US privacy group Fight for the Future has launched a petition after hackers breached a system at the credit reporting agency, which had processed applications for the mobile phone giant.
The data stolen includes names, addresses, birth dates, social security numbers, drivers licence numbers and passport numbers.
The group maintains that Experian – which is based in Dublin – has been spending money on lobbying US Congress rather than beefing up its own security measures.
In a statement, it said: “Experian has been hacked more than 100 times, but instead of improving their inadequate digital security, they are spending money lobbying Congress to pass CISA, the Cybersecurity Information Sharing Act, a bill that may give companies like them legal immunity in the event of a hack, as long as they share data with the government.
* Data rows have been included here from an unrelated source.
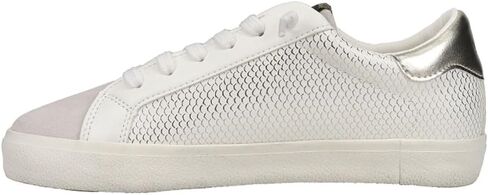 VINTAGE HAVANA Womens Kate Snake Lace Up Sneakers Shoes Casual - Gold, Grey, White in Saudi Arabia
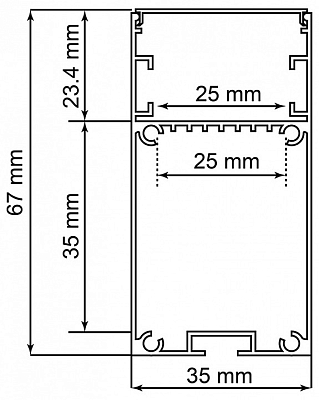 Короб накладной Feron CAB267 10378 400_400_2122275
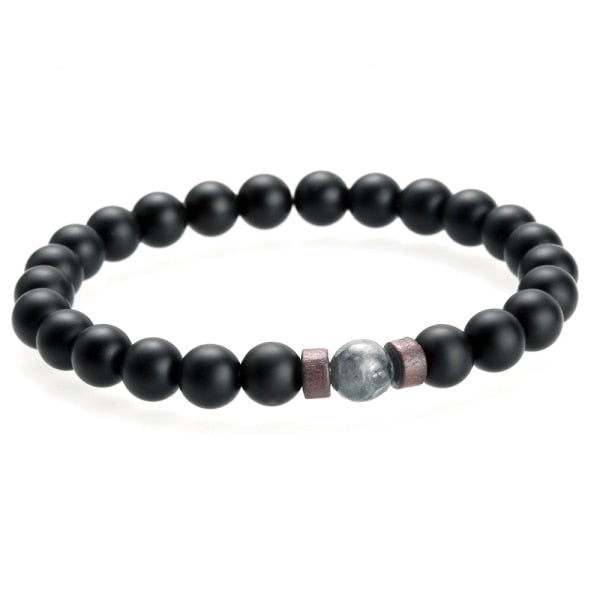 Moonstone Bead Bracelet for Men.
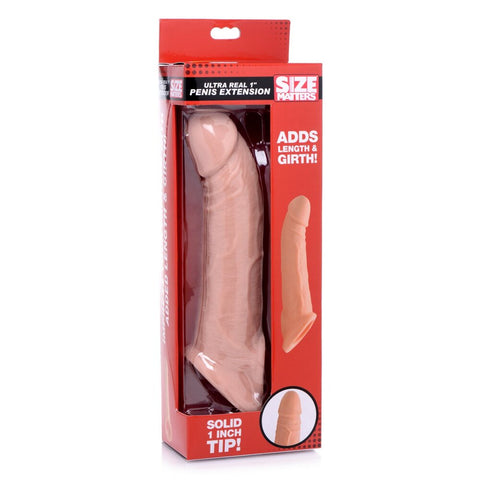 Size Matters Ultra Real 1 Inch Solid Tip Penis Extension SLEEVES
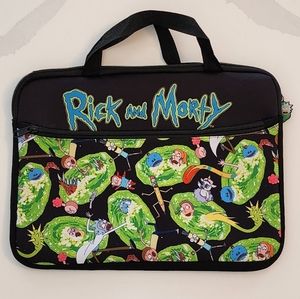 NWOT Fun RICK & MORTY Neoprene Protective Laptop Case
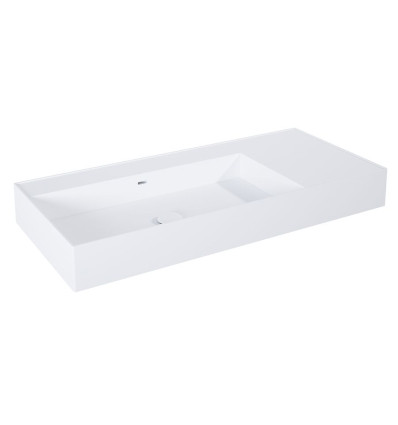 Umywalka ścienna 100 lewa z tworzywa Solid Surface Level white matt Elita (RE041461185290)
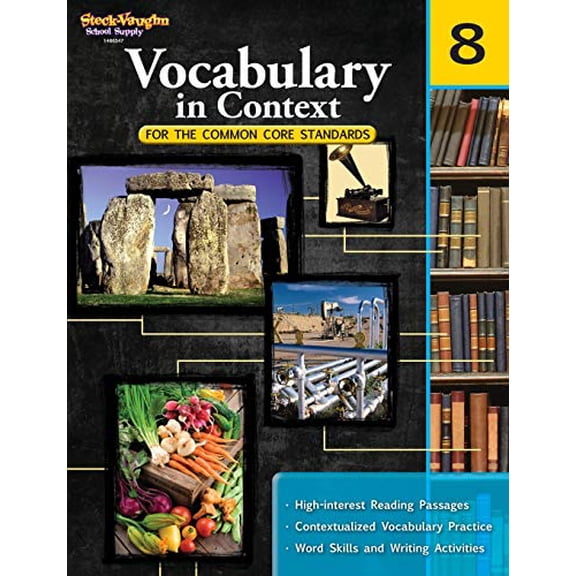 Pre-Owned Vocabulary in Context for the Common Core Standards Reproducible Grade 8 (Paperback) 0547625812 9780547625812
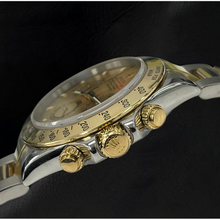 Afbeelding in Gallery-weergave laden, Rolex Daytona Cosmograph Tweekleurig Horloge met Champagne Wijzerplaat
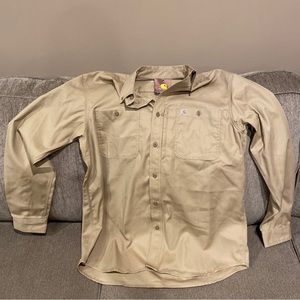 Carhartt Professional button down work shirt.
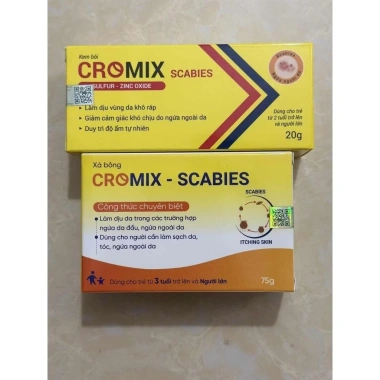 Bộ đôi Cromix trị ghẻ, ký sinh trùng, chấy rận rệp - Hiệu quả nhanh, chỉ 85.000₫
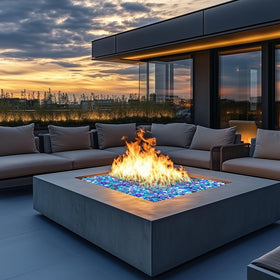 Uniflasy heat-resistant glass beads, safe and durable for decor.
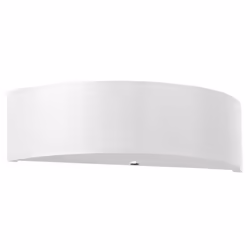 Sollux SKALA Appliques Encastrables Demi Cercle Blanc 2x E27 | Finition : Blanc | Matériel : Verre Hauteur (cm) : 12,00 | Lar ...
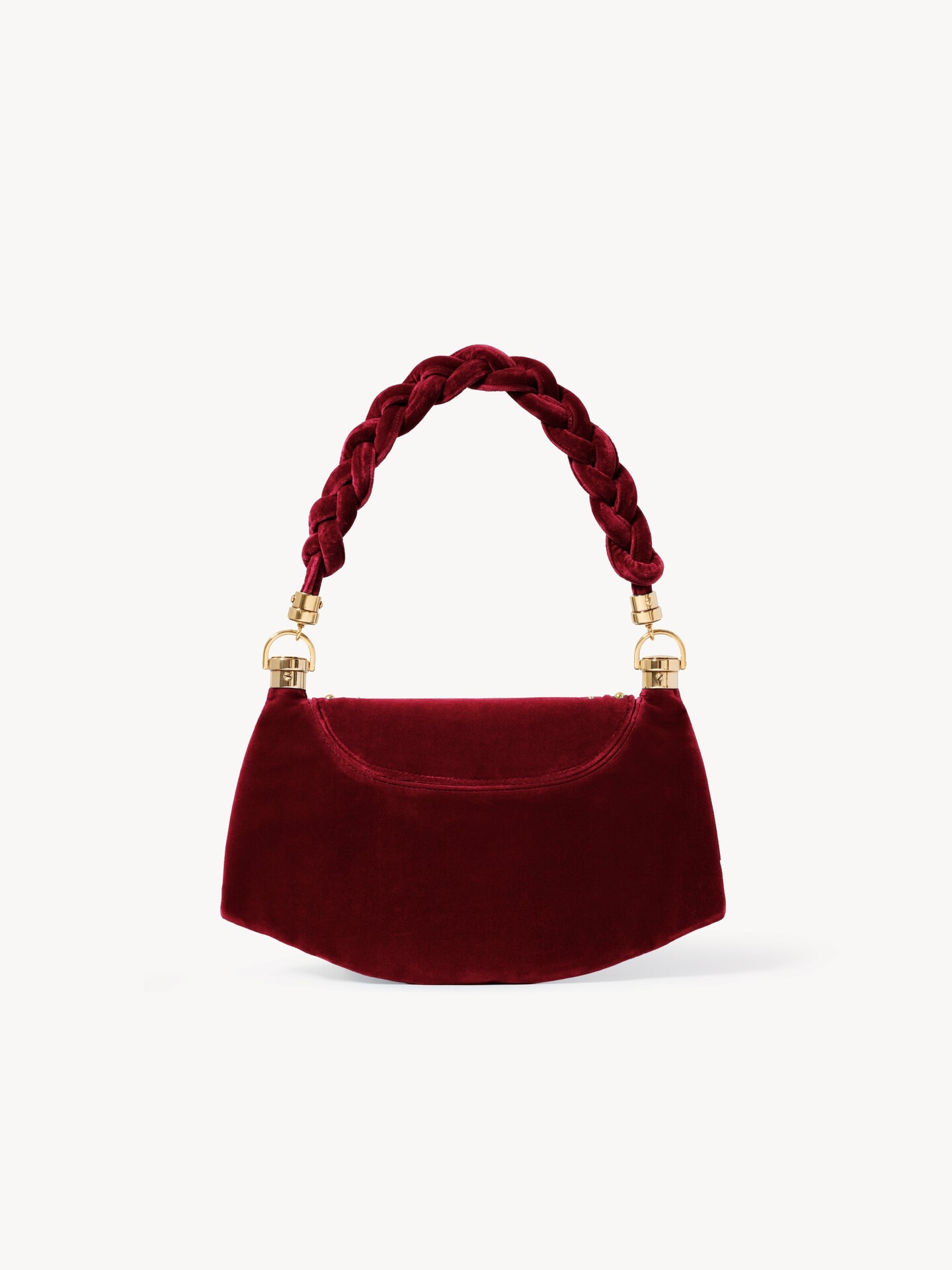 Small Marcie Foulard hobo bag in velvet with studs - 4.0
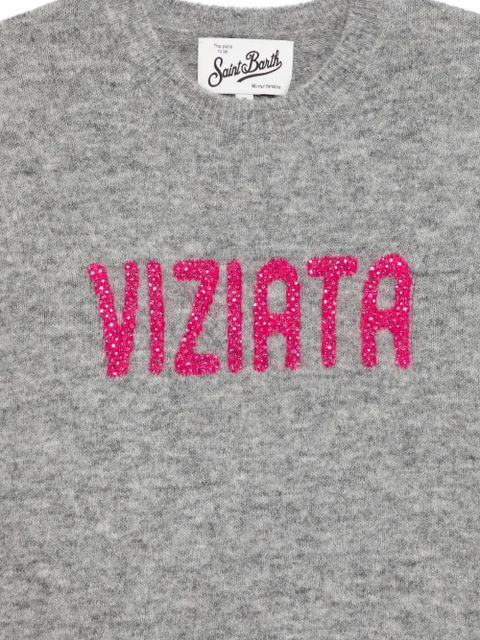 MC2 Saint Barth crystal-embellishment sweater - Grey - zdjęcie produktu nr 2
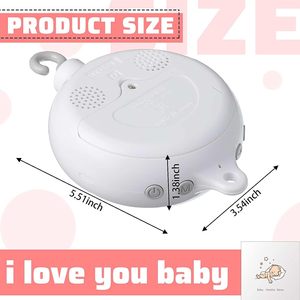 BPA free stocks rotazione a batteria personalizzata 35 ninne nanne altoparlante bluetooth culla cellulari motor spinner music box - Product Image 3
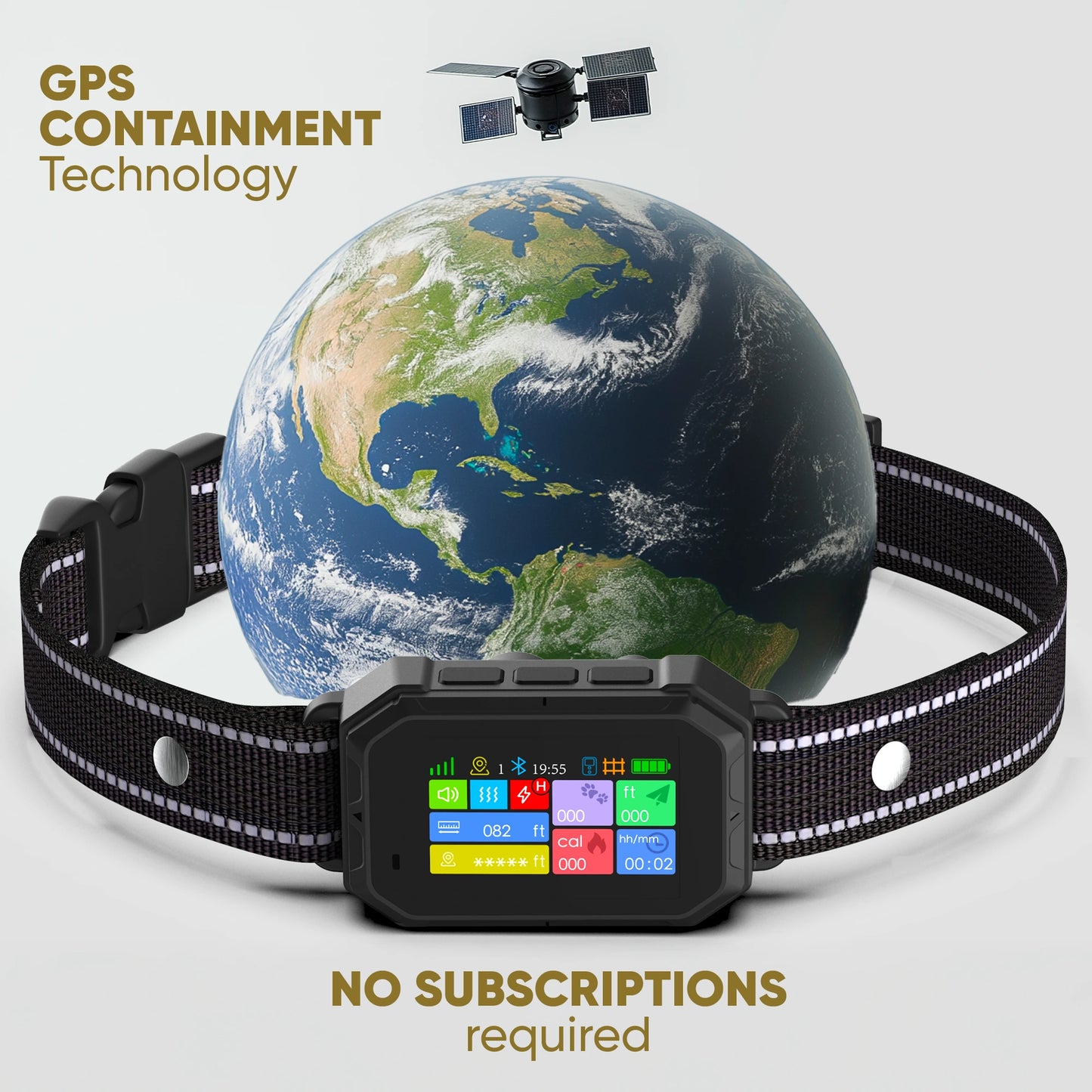STÙNICK SF1 GPS Wireless Dog Fence with App 2-in-1 Fence & Dog Training Collar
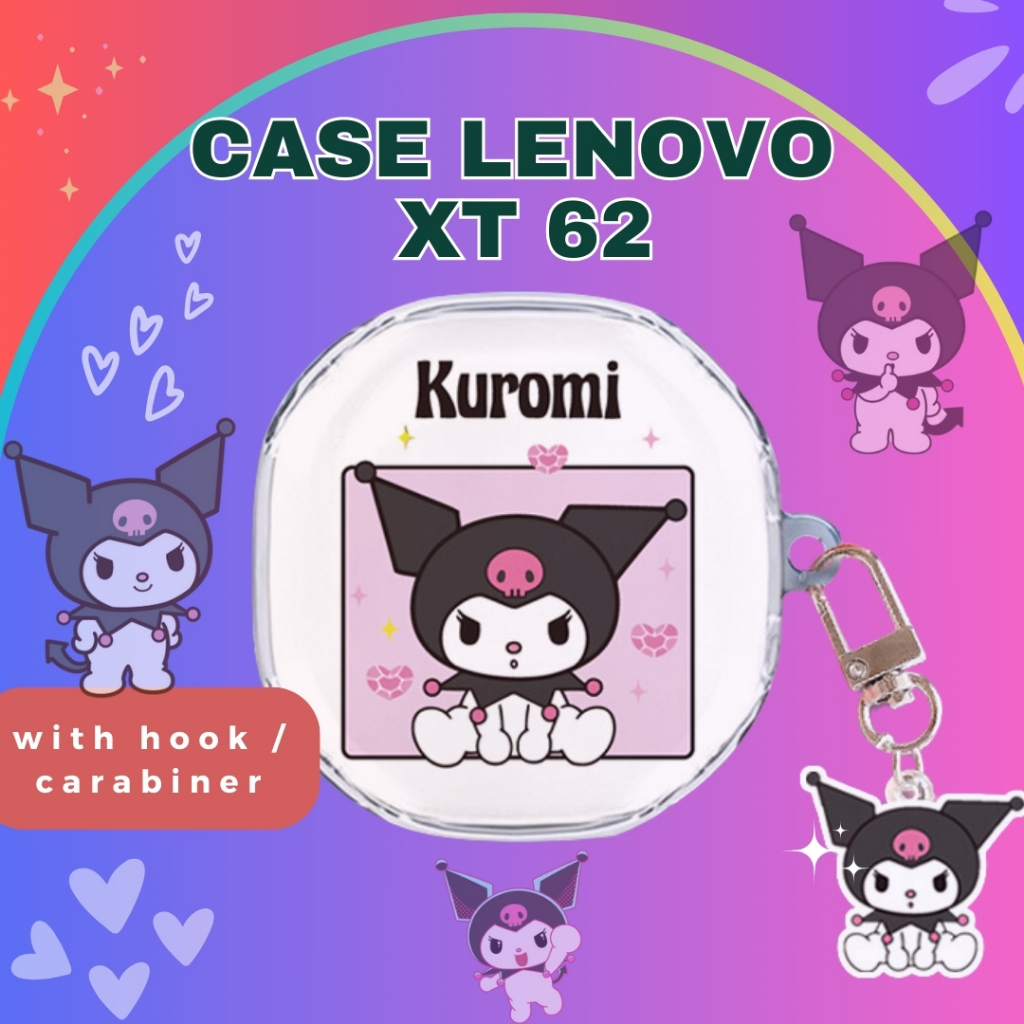 Case Thinkplus XT62 Transparan Soft Cover Transparant Gambar Kartun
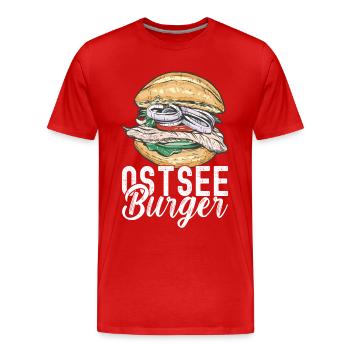 Ostsee Heimat Norddeutschland - Männer Premium Bio T-Shirt - Rot - Vorne - Damien (186cm)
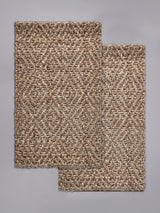 Next The Set 2 Pack Natural Woven Jute Flatweave Doormat- Buy online at McGrocer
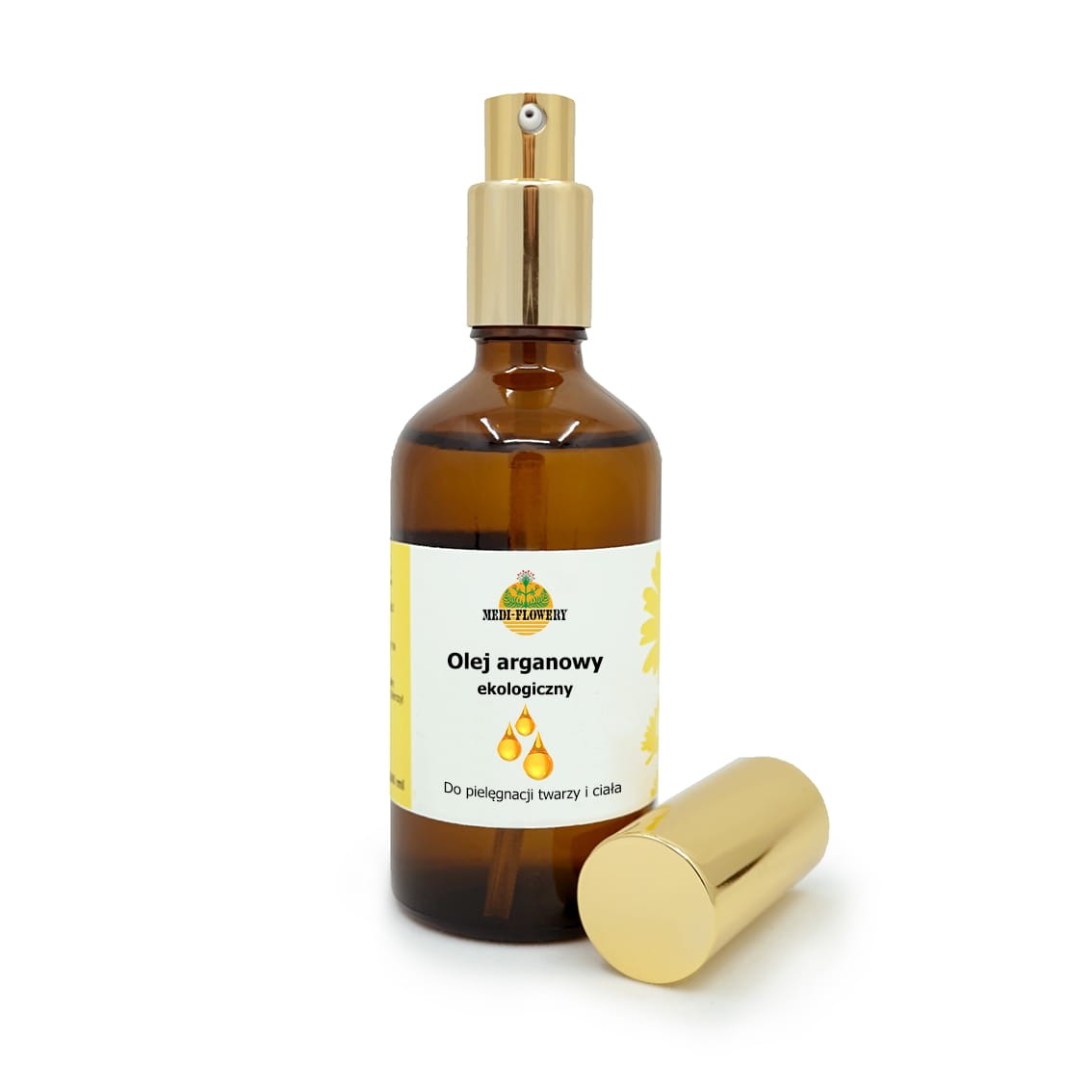 Olej arganowy, kosmetyczny, 100 ml w szklanej butelce - 2075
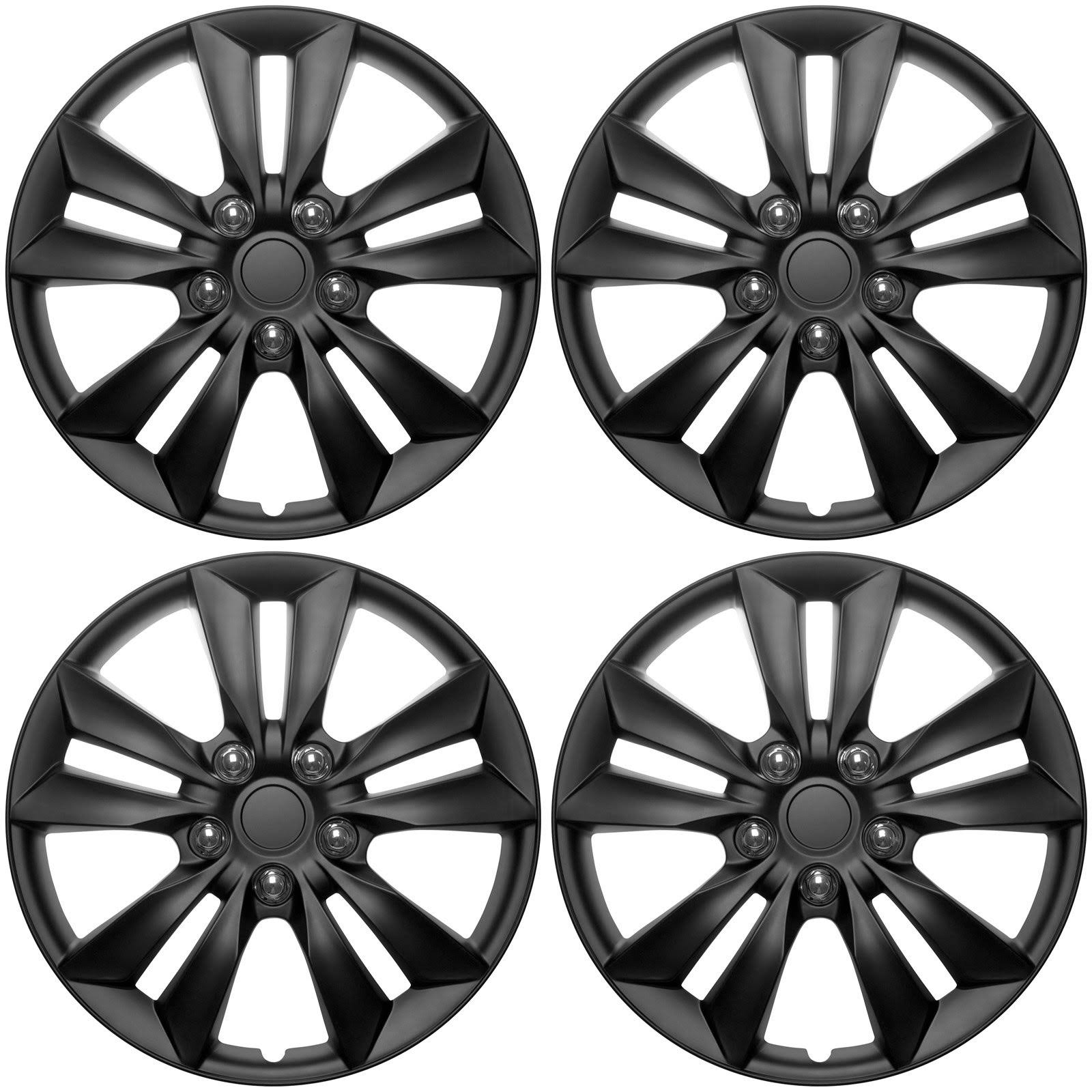 16 Matte Black Set of 4 Hub Caps G3654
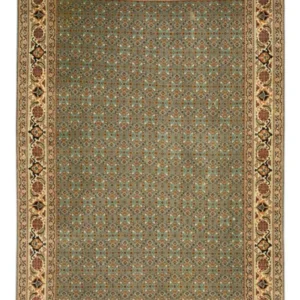 Tapete Persa - Tabriz - Royal - Real - 145 x 101 cm - verde azeitona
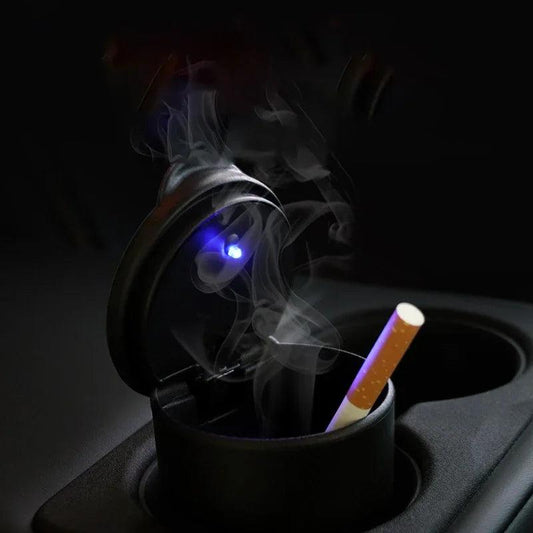 Portable Car LED Ashtray Universal Auto Ashtray Cigarette Ash Holders Cup Car Interior Decor Auto Accessories Interior Endium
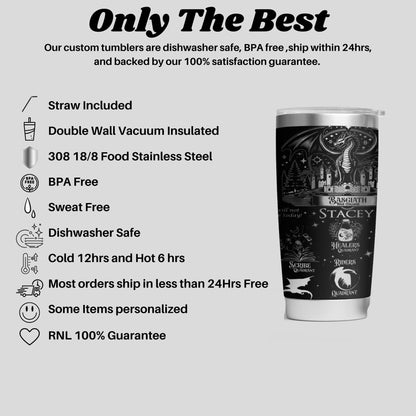 a black and white advertisement for a coffee cup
“Experian CEO Brian Cassin has put the profits of his company above the well-being of his customers and our nation’s cybersecurity. Why should Experian bother fixing their security when they can just lobby their way out of the messes they make?” a spokesman for the group added.
“This type of thinking is putting millions of people at risk. Cassin should resign and companies like Experian and T Mobile should take responsibility for the safety their customers’ data.”
The attack has also, perhaps unsurprisingly, infuriated the US boss of T-Mobile John Legere, who vented his anger on the company’s website. He said: “Obviously I am incredibly angry about this data breach and we will institute a thorough review of our relationship with Experian. But right now my top concern and first focus is assisting any and all consumers affected.”
Cassin was promoted to CEO last year from chief financial officer, and succeeded Don Robert, who had been in the role since 2006. Prior to that Cassin had worked in financial services at Barrings as well as Greehill & Co, where he was managing director for over a decade.